Kupffer

Federal government websites often end in. The site is secure. Kupffer cells are resident liver macrophages and play a critical role kupffer maintaining liver functions, kupffer.

Federal government websites often end in. The site is secure. Kupffer cells are a critical component of the mononuclear phagocytic system and are central to both the hepatic and systemic response to pathogens. Kupffer cells are reemerging as critical mediators of both liver injury and repair. Multiple M2 phenotypes can be distinguished, each involved in the resolution of inflammation and wound healing.

Kupffer

Sponsored by the Carcinogenesis Speciality Section.
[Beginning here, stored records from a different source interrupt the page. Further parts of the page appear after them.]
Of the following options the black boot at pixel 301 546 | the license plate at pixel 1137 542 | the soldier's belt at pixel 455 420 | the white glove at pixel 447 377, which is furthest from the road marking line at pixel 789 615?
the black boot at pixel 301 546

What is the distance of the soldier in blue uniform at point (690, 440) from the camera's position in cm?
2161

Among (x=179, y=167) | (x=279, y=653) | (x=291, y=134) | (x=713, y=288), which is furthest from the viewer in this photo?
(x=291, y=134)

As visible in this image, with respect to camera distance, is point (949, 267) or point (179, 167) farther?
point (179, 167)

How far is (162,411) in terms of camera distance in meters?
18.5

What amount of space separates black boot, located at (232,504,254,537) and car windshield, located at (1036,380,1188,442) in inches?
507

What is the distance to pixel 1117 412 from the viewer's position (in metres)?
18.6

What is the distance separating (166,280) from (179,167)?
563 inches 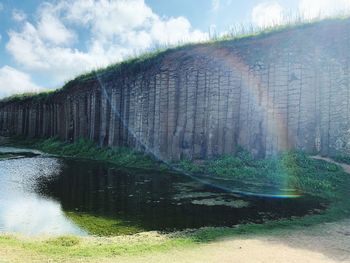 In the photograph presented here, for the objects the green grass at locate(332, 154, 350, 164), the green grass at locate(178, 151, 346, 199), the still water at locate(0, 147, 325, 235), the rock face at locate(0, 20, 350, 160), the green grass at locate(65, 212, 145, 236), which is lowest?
the green grass at locate(65, 212, 145, 236)

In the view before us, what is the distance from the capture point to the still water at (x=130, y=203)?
877cm

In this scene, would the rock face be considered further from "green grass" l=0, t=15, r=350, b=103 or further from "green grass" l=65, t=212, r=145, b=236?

Ruth A. Roberts, Patricia E. Ganey, Cynthia Ju, Lisa M. Kamendulis, Ivan Rusyn, James E. Kupffer cells are resident macrophages of the liver and play an important role in its normal physiology and homeostasis as well as participating in the acute and chronic responses of the liver to toxic compounds. Activation of Kupffer cells directly or indirectly by toxic agents results in the release of an array of inflammatory mediators, growth factors, and reactive oxygen species. This activation appears to modulate acute hepatocyte injury as well as chronic liver responses including hepatic cancer. Understanding the role Kupffer cells play in these diverse responses is key to understanding mechanisms of liver injury. Idiosyncratic drug-induced liver disease results in morbidity and mortality, impacting severely on the development of new pharmacological agents.

Historically, research kupffer focused on the hepatocyte as the target cell of chemical carcinogens, however, kupffer, recent studies have emerged that suggest a role for NPCs, kupffer, specifically Kupffer cells, as important mediators of cell proliferation by tumor promoters Hasmall et al.

Kupffer cells , also known as stellate macrophages and Kupffer—Browicz cells , are specialized cells localized in the liver within the lumen of the liver sinusoids and are adhesive to their endothelial cells which make up the blood vessel walls. Kupffer cells comprise the largest population of tissue-resident macrophages in the body. Gut bacteria, bacterial endotoxins, and microbial debris transported to the liver from the gastrointestinal tract via the portal vein will first come in contact with Kupffer cells, the first immune cells in the liver. It is because of this that any change to Kupffer cell functions can be connected to various liver diseases such as alcoholic liver disease, viral hepatitis, intrahepatic cholestasis, steatohepatitis, activation or rejection of the liver during liver transplantation and liver fibrosis. Kupffer cells can be found attached to sinusoidal endothelial cells in both the centrilobular and periportal regions of the hepatic lobules. Kupffer cell function and structures are specialized depending on their location.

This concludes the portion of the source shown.